If there is one fundamental rule for making sense of trade policy over Trump’s first 16 months in office: Do not overreact to new announcements. With the benefit of hindsight, we can observe a growing list of at-the-time seemingly newsworthy policy announcements that ultimately went nowhere.
- For instance, back in January 2017, Trump suggested that he would pay for a border wall by imposing tariffs on Mexico. That never happened.
- In an April 2017 interview, Trump suggested he was interested in a “reciprocal tax” on imports, meaning the U.S. should tax imports from other countries at the same rates as those applied to American exports.
- In February of this year, he resurrected the idea, declaring that the United States would “soon” announce a reciprocal tax, with more information forthcoming “as soon as this week.” Meanwhile, we’re still waiting.
- In late January, U.S. Trade Representative Robert Lighthizer suggested that “before long” the Administration would select an African country to begin new free trade agreement talks. The pro-trade U.S. Chamber of Commerce enthusiastically nodded its head. So far nothing seems to have happened.
Why do these dramatic policy announcements keep falling flat? There are several possible explanations, not mutually exclusive.
- Perhaps the "deep state" in the form of career officials working at the Office of the U.S. Trade Representative and the Commerce Department, are conspiring to thwart the Trump administration plans. Less sinisterly, this may simply be more evidence that achieving policy change is difficult.

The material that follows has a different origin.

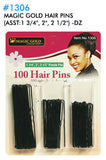 Magic Gold 100 Hair Pins - Assorted Sizes #1306 1 3/4", 2", 2 1/2" - Gilgal Beauty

- Another explanation comes from the international level: In its policy implementation strategy the administration has failed to recognize that other countries have agency too, and are able to shape the ultimate outcomes of American trade policy.
Whatever the reason, though, trade policy analysts and journalists need to catch up to this reality, and start dramatically discounting the importance of Trump trade policy announcements, on both the protectionism and the liberalization fronts.